You and Ice-T mesh really well on “Smash the Crowd,” from the new album. His rap career started a bit before yours; what’s your relationship like?
Well, Ice-T is in rare air. I think when Ice first recorded that song [in 2017], he was the only 60-year-old MC out. I mean, there’s Wonder Mike from “Rapper’s Delight” but he hasn’t done any new recording. I always tell him, you’re the ice-breaker for us to follow.
There’s a great remix of “Fight the Power” on the album that you did for the BET Awards. Is it a little wearying to know that the song is just as relevant 31 years later?
So that’s the second “Fight the Power” that we made in 1989 [P.E. borrowed the concept from the Isley Brothers’ 1975 song]. The Isleys’ song resonated to me, as a 15 year old. So we decided to say, that’s the sentiment, and this theme that Spike Lee wants [for Do The Right Thing]. But the quickest thing to realize is that, yes, it’s a long time, from ’89 to 2020, culturally, but it’s a short time in real life. So you can’t go around saying, haven’t we gone through this before? You’re always attacking systemic racism, you’re not going to say, “everything is cool now in white supremacy. And we could just like lay back.”
How did you get the surviving members of the Beastie Boys and Run-DMC to come together for “Public Enemy Number Won”?
I reached out to them to say for my 60th birthday [in August 2020], I want to pay homage to y’all. Let’s get on this track and roast it. Now I always work with the great DMC, but I was really totally awestruck and farklempt by Run also being enthusiastic about it. And also Mike D and Ad-Rock, breaking their code of not making a Beastie Boys record without MCA. They’re the ones that actually dragged me in to the industry, slowing me down for Rick [Rubin] and convincing me to [sign to Def Jam]. You guys dragged me into this thing, so I’m going to drag you guys back in with this song.
So, ‘It Takes A Nation of Millions to Hold Us Back’ jumped up to Number 15 on our new 500 Greatest Albums list. There was such a stylistic leap between that album and your debut, Yo! Bum Rush the Show. Was the change in your flow just from hearing people like Rakim?
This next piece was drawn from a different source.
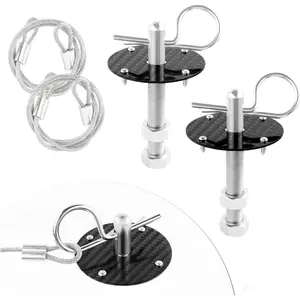 Stainless Steel  Hood Pins Kit - [ Upgrade] Carbon Fiber  Hood Cover Quick Release Pin for Reducing Shaking - Universal Automotive Exterior Accessories (Carbon Fiber Black)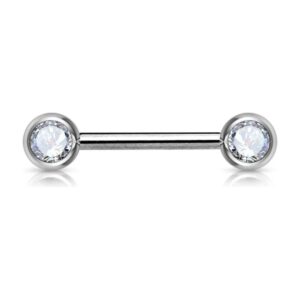 Joya de piercing para pezón cristal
Two guys helped me design a rhyme pattern which would help me with faster speeds. And that was Rakim, especially on “You Know You Got Soul,” and also KRS-One, particularly on the song “Poetry.” KRS-One and Rakim were able to take faster speeds and make the beats go to them. That was different from what Run-DMC and Schoolly D and Whodini and everybody were doing. They were rhyming to the beat and keeping up with the beat. And then people were able to figure out faster beats. A guy like Big Daddy Kane was just phenomenal once he went on took on faster beats, too. But nobody was messing around with our beat areas, like 109 beats per minute. So it was faster, it was stronger, and it was aggressive. So even to this day, you can’t mix Public Enemy records with a regular DJ set. It’s just totally different attacks on the music.